IN THE UNITED STATES DISTRICT COURT FOR THE MIDDLE DISTRICT OF PENNSYLVANIA
August 17, 2006
UNITED STATES OF AMERICA,
MICHAEL WALKER, DEFENDANT.
The opinion of the court was delivered by: Judge McClure
On April 14, 1999, Michael Walker was initially indicted on federal drug possession with intent to distribute charges. A superseding indictment was returned on May 12, 1999, charging Walker, and others, with additional drug charges. On June 9, 1999, Walker and two co-defendants were charged in a second superseding indictment.
On December 3, 1999, Walker entered a guilty plea to the second superseding indictment. On July 6, 2000, the court granted Walker's motion to withdraw his first guilty plea, with which the government concurred, because of the Supreme Court's ruling in Apprendi v. New Jersey, 530 U.S. 466 (2000). (Rec. Doc. No. 205.)
On March 1, 2001, Walker again entered into a plea agreement. In keeping with the second plea agreement, Walker pled guilty to count two of the second superseding indictment.

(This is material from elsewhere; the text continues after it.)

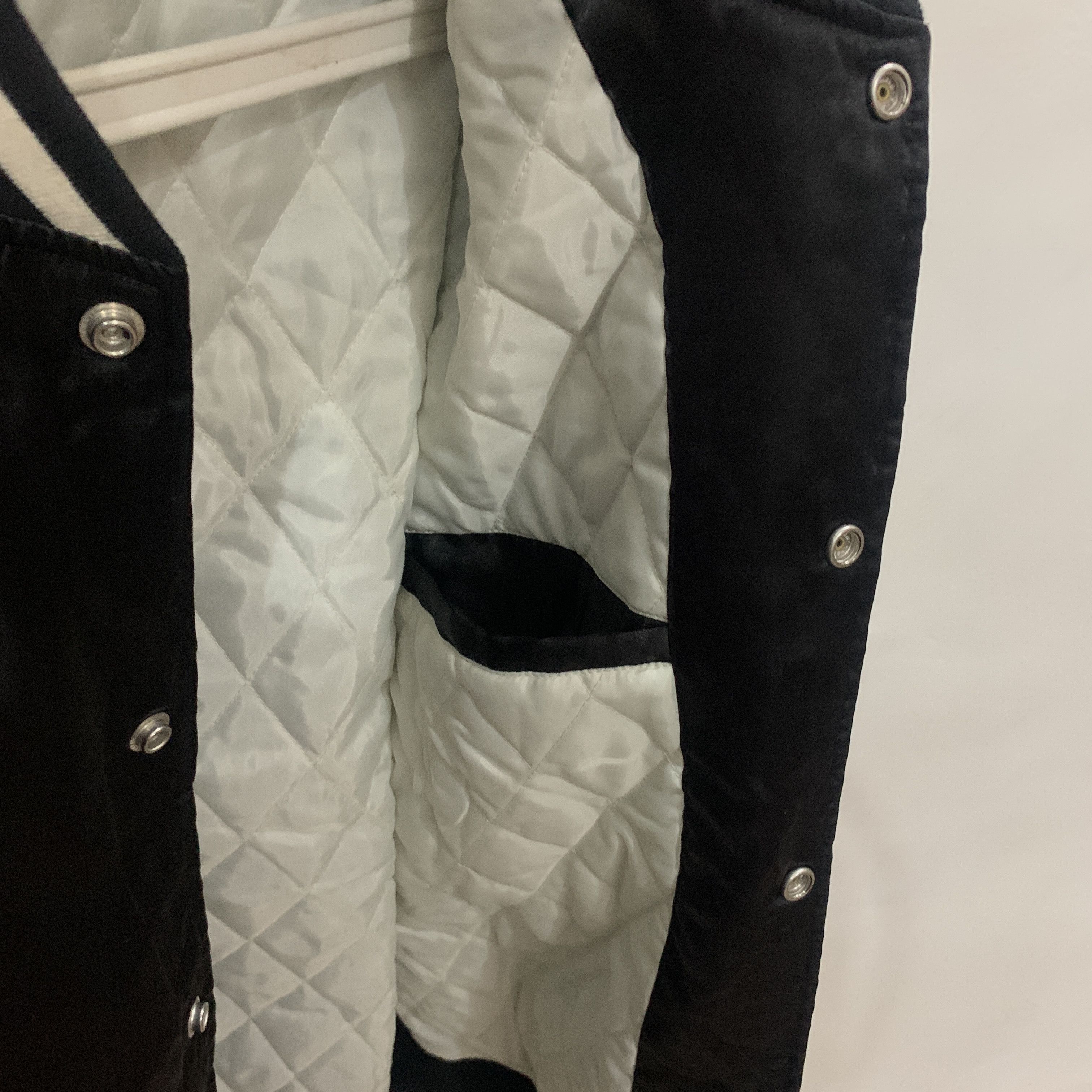 Neighborhood Neighborhood B.B Varsity Jkt 2016 Size US L / EU 52-54 / 3 - 7 Thumbnail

Count two of the second superseding indictment charged Walker with possession with intent to distribute in excess of five (5) grams of crack cocaine on or about March 15, 1999, in violation of Title 21 U.S.C. §§ 841(a)(1) & 841(b)(1)(B)(iii) and Title 18 U.S.C. § 2.

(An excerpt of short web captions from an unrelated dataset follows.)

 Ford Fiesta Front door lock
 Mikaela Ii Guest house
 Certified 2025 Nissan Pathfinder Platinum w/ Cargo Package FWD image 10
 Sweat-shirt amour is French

On November 6, 2001, through his trial counsel Douglas B. Chester, Esquire, Walker moved the court to withdraw his guilty plea. (Rec. Doc. No. 328.) We denied that motion on December 10, 2001. (Rec. Doc. No. 343.) Next, Walker filed a pro se motion and supporting brief for reconsideration of our December 10, 2001 order (Rec. Doc. Nos. 352 & 357), which was denied on March 5, 2002. (Order, Rec. Doc. No. 365.)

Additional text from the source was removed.